I want to get pigs in the spring to raise for meat. need opinions of what is the best breed for this and the best feeding method.


----------



## Baymule (Oct 22, 2014)




----------



## goats&moregoats (Oct 22, 2014)

That is exactly what I will be doing, along with some books and talking to many pig farmers I hope.


----------



## M.L. McKnight (Oct 22, 2014)

The breed you choose and the feeding method will depend on the amount of space/land you have available to raise them. Some breeds do better in confinement settings, some thrive in pasture, some produce an exceptional carcass but grow slow and then you can further separate the breeds according to the cuts and type of finished product you end up with at butcher time.

I'm not trying to come across as a know it all because lord knows I don't, I'd like to help you out as best I can but I'll need a bit more information from you before I have any advice that is worth giving.


----------



## Bossroo (Oct 23, 2014)

M.L. McKnight said:


> The breed you choose and the feeding method will depend on the amount of space/land you have available to raise them. Some breeds do better in confinement settings, some thrive in pasture, some produce an exceptional carcass but grow slow and then you can further separate the breeds according to the cuts and type of finished product you end up with at butcher time.
> 
> I'm not trying to come across as a know it all because lord knows I don't, I'd like to help you out as best I can but I'll need a bit more information from you before I have any advice that is worth giving.

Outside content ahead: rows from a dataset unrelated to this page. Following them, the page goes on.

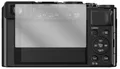 5x Schutzfolie für Panasonic Lumix DC-LX100 II Display Folie klar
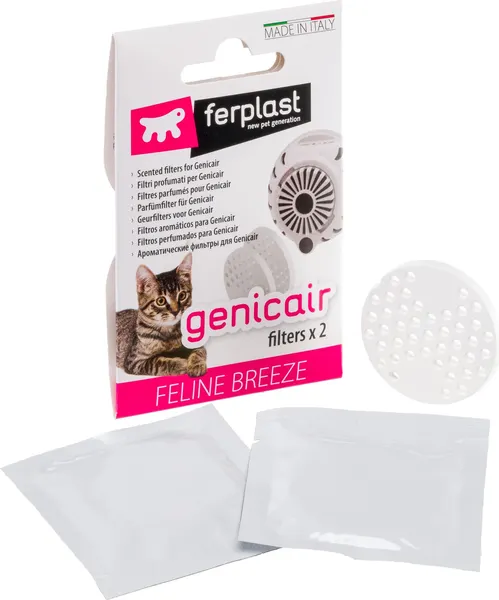Фильтр для кошачьего туалета Ferplast Genicair / 93426017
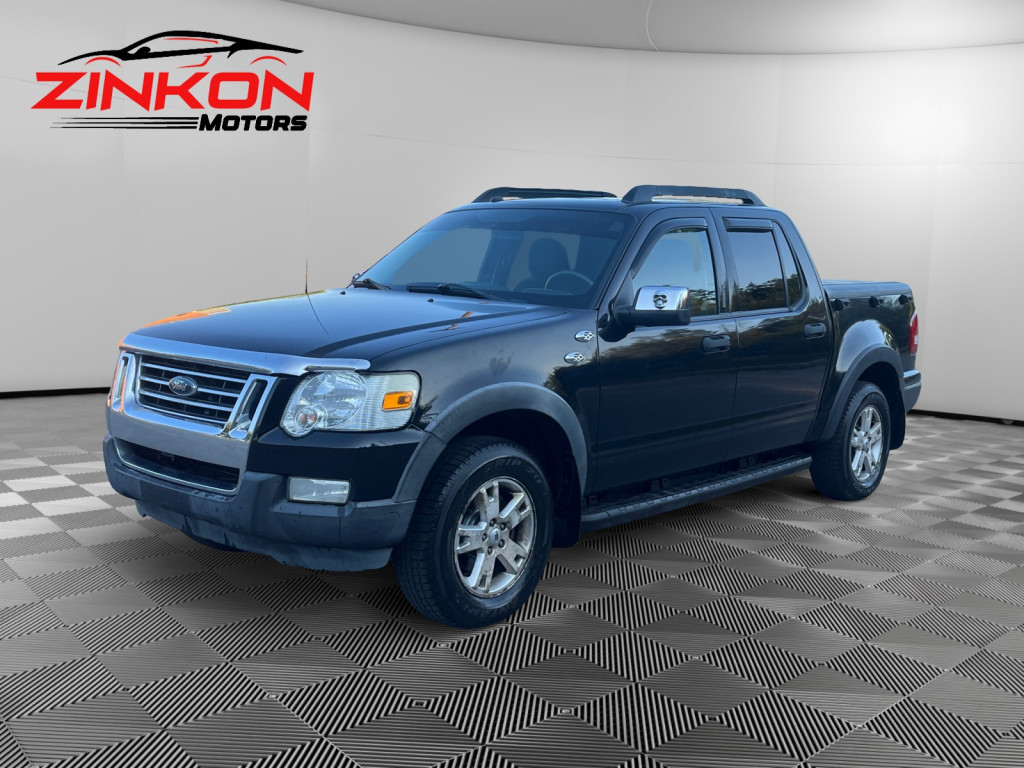 2010 Ford Explorer Sport Trac XLT 4WD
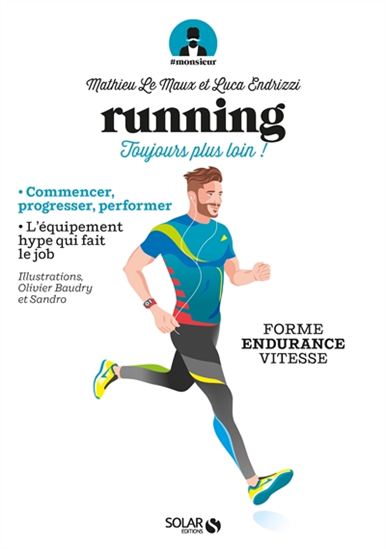 Running : monsieur - LUCA ENDRIZZI - MATHIEU LE MEAUX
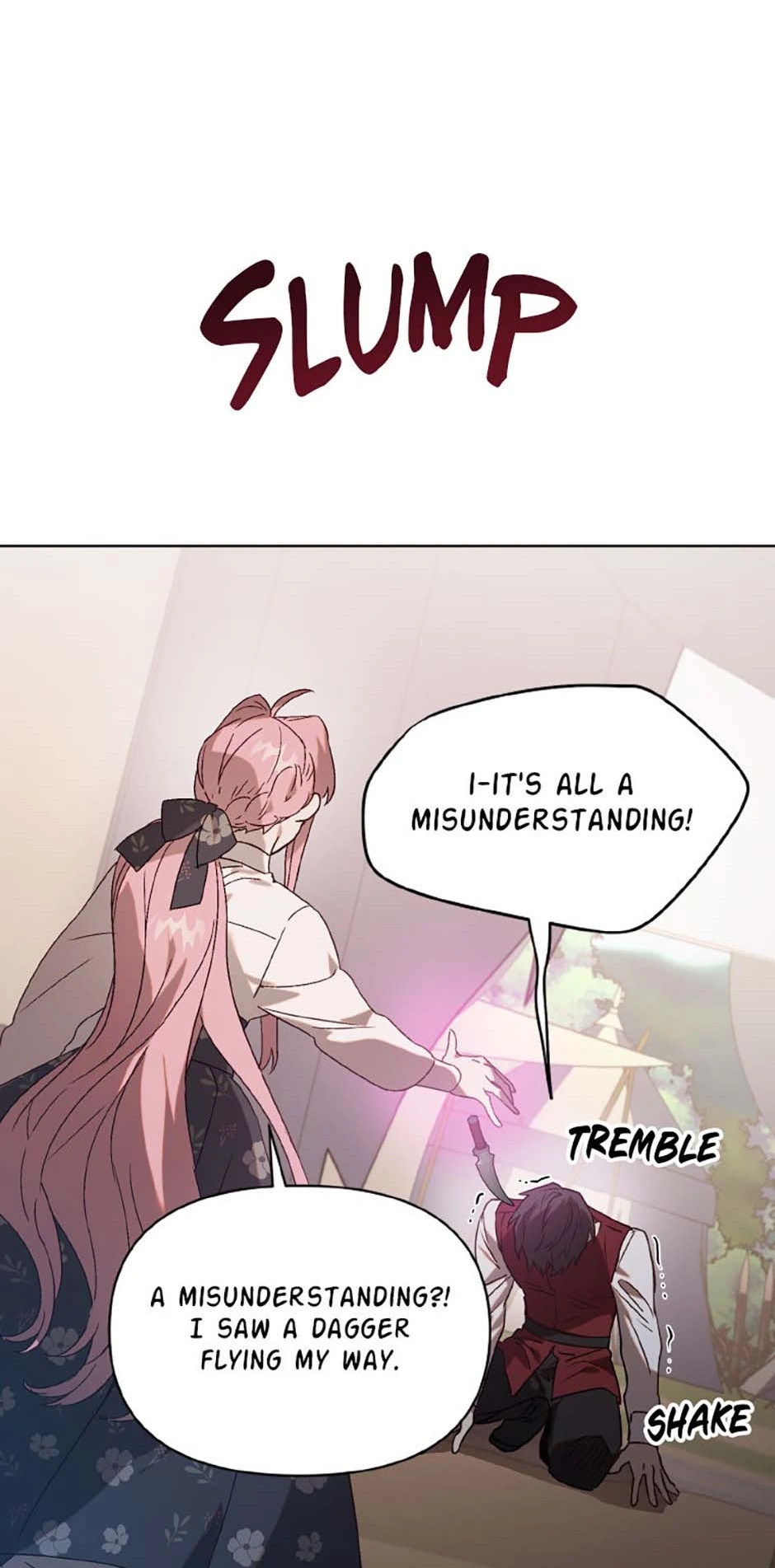 Adelia – Flower’s Bondage Chapter 61 - page 43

Amen !!!  Most advise that is given by the backyard hobby or pet types may be ok but most likely of just barely passable for proper animal husbandry.  I would ask for advise from a Agriculture University professor that specializes in animal production research ( in this case hog production )  then a person that makes a living from the particular animal activity (in this case a market hog producer near  your property )  .


----------